The plot is simple enough---a middle aged man travelling from his home NY to his childhood home, to the heartland settle the estate of his parents who were killed suddenly. However there is a rhythm to the book, a progression across geography, cultures and the thoughts of Otto--flowing out at first in a rapid stream of consciousness that had a bent to describe, label and judge, and eventually coming to a place of peace, home and family---and something more-- an interior voyage, to find his own heart, breath and soul.
The entire concept of this book appealed to me, but I was afraid it would not be so digestible to my own middle aged husband. However, he really enjoyed this audio book as well. The rich imagery, descriptions of food so vivid that could almost taste it, and the humor....lots of humor appealed to my own Otto-like husband and will hopefully set him on a bit of a journey of his own.
As for me, it gave me a lot of food for thought. I adored the Rimposhe's perception of the "real" America, his kindness even when in adversity, in fact, I loved loved how "stress" was dealt with in this story. So much to love in this book.
I'm a recovering librarian. Since I had a stroke in 2002 I have found reading print difficult. I am so grateful for audiobooks.
Rather week plot. Too much about what he ate for dinner and too little about personal struggle to come to terms with existential angst.
I seldom write reviews but I felt with this book I need to write one... maybe I can save you from wasting hours of your life. I hope the author never reads this as I don't want to bring pain into his life, yet I do this to spare others from this book.
Let me start saying that I love buddhism and good stories. Yet, I kept waiting for this book to become something else than a guy complaining about everything. Unfortunately it never did. This book did not provide an interesting story nor any sort of buddhist insight beyond the utterly most pedestrian buddhism.
Save your time and money.
The characters annoying and the performance overdone. Just couldn't stand listening to it. Only got through about one hour of it.
Given the protagonist a less irritating flaw than temper tantrums. Given the same person a profession that the author actually knew something about. A food expert he is not. More like a food aficionado.
He did his best.
I will not lie. It started off rough. The first half an 10-15 minutes didn't grab me, but once they set on the road...WOW!!! I couldn't stop listening to it. Sean Runnette did an amazing job with Rinpoche.
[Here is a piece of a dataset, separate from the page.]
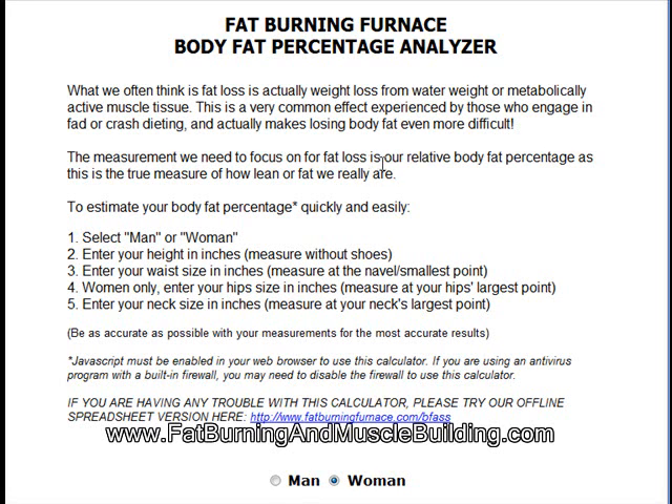It actually makes losing body fat even more difficult. The measurement we need to focus on for fat loss is our relative body fat percentage, as this is the true measure of how lean or fat we really are.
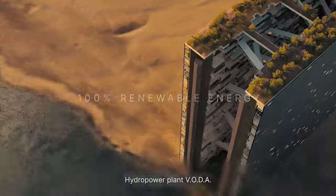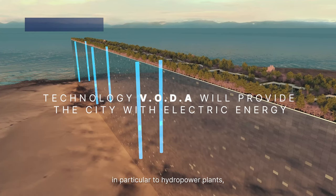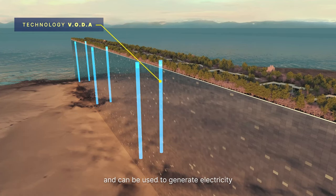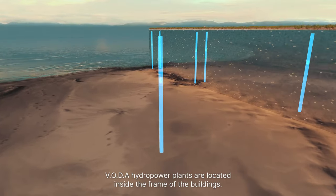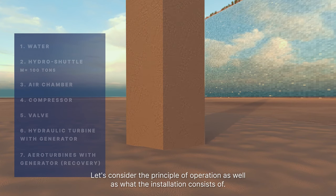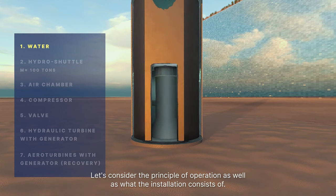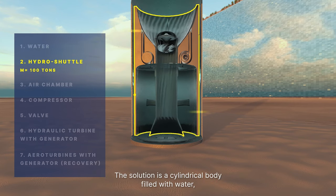VOTA hydropower plant: the claimed technical solution relates to the field of energy, in particular to hydropower plants, and can be used to generate electricity through the alternate use of gravity and the strength of Archimedes. VOTA hydropower plants are located inside the frame of the buildings. The solution is a cylindrical body filled with water, in which a piston with a turbine mounted on it is placed.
And Roland Merullo made me laugh, made me think, and came close to making me cry. I actually think I might have shed a tear. It was wonderful. If you are open enough to have come this far, go for it. You WILL enjoy it...after the first 10-15 minutes. c:
I'm on chapter 33 and I find myself skipping not only whole pages but entire chapters wondering when this is going to be over. It started with such promise and now we just been wandering around Wisconsin, lost, no end in sight.
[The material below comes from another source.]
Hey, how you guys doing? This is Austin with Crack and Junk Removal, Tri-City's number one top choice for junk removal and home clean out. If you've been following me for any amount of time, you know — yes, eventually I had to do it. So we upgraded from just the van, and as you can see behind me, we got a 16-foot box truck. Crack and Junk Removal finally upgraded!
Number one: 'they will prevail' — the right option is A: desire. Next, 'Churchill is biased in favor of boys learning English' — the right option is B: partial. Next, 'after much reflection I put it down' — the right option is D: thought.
I'll fight my way through a few more chapters but then I give up.
I guess I was expecting some insightful observations, but there is thing here but a road trip with (2) very boring characters. Very flat narration. Not much to enjoy apart from a few humorous interludes. Disappointing.
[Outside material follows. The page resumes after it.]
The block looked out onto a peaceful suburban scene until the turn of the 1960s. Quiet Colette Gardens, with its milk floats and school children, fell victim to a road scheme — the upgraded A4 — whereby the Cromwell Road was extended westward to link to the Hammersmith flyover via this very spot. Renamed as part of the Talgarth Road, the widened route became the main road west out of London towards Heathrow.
I could not recommend this read to anyone I know
No. The monotone quality of his voice left the listener begging for any ounce of deflection.
The first six chapters that I suffered through, couldn't to listen to more then that
If I said the writing of this book was lackluster, it would be a complement. I have never read of caricatures more boring . I kept waiting for something, ANYTHING to take a turn; however, by mid chapter six I realized that it wasn't going to.
I think there were some good messages but they were buried in too much detail about the food the author ate. The author was way too self involved for my taste. He came off arrogant and self important.